I don't much relate to the satire others get in this book. The bad food and poor maintenance at some exclusive clubs in NYC are legendary, not news, and the whimsical idiocy of certain boat races on Upper St. Regis Lake and Lake Placid (and some dirty tricks masquerading as innocent pranks) seem pretty tame for those of us who live in the Adirondack Park. People trying too hard to fit in and getting it wrong are probably better sent up in characters like Thackeray's Becky Sharp and James Jones' Maggio than in Clifford's heroine, Evelyn, but Clifford
does a solid job of making Evelyn's cross-threaded motivations and goals plausible, if occasionally deluded.
The most beautifully described and real-life-intense sections are those where Evelyn's relationship(s) with her mother and father are explored, either via dialogue or in Evelyn's thinking about them. Separately, Evelyn as a little girl talking with Mrs. Van Rensselaer is brilliant and evocative,
and a rain-soaked Evelyn singing Sondheim in a piano bar is a classic vignette.

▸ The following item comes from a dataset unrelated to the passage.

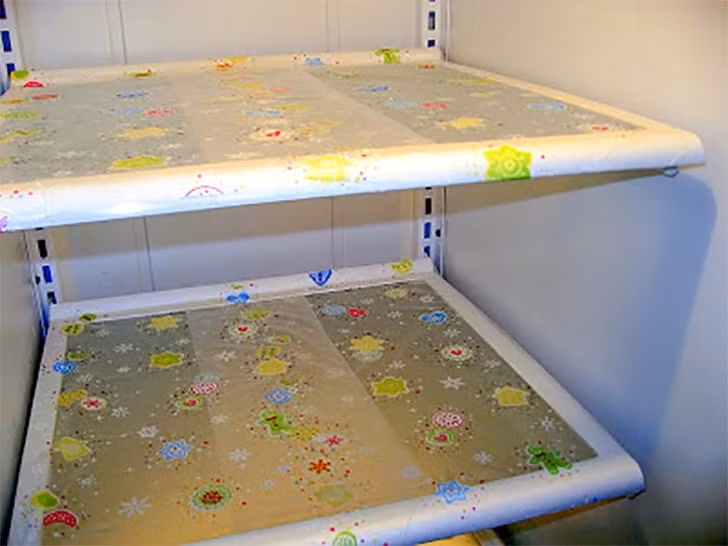 Quấn tủ lạnh với màng bọc nilon: Khi bọc các ngăn tủ bằng màng bọc nilon, bạn sẽ không cần làm sạch tủ lạnh nữa. Bạn chỉ cần thay màng bọc mà thôi.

If I had druthers, they would be that Clifford would either work a little harder on her comic timing or else abandon overt comedy altogether. She
does sincerity and thought-provoking anger and debate extremely well, and she has a nuanced feel for how people can communicate effectively, but obliquely or via non-verbal messages, when they really care about each other almost too much. This is a rarer talent than she
may know, and it is worth developing into more muscular formats. Clifford is very likely to build a stronger voice as she keeps working.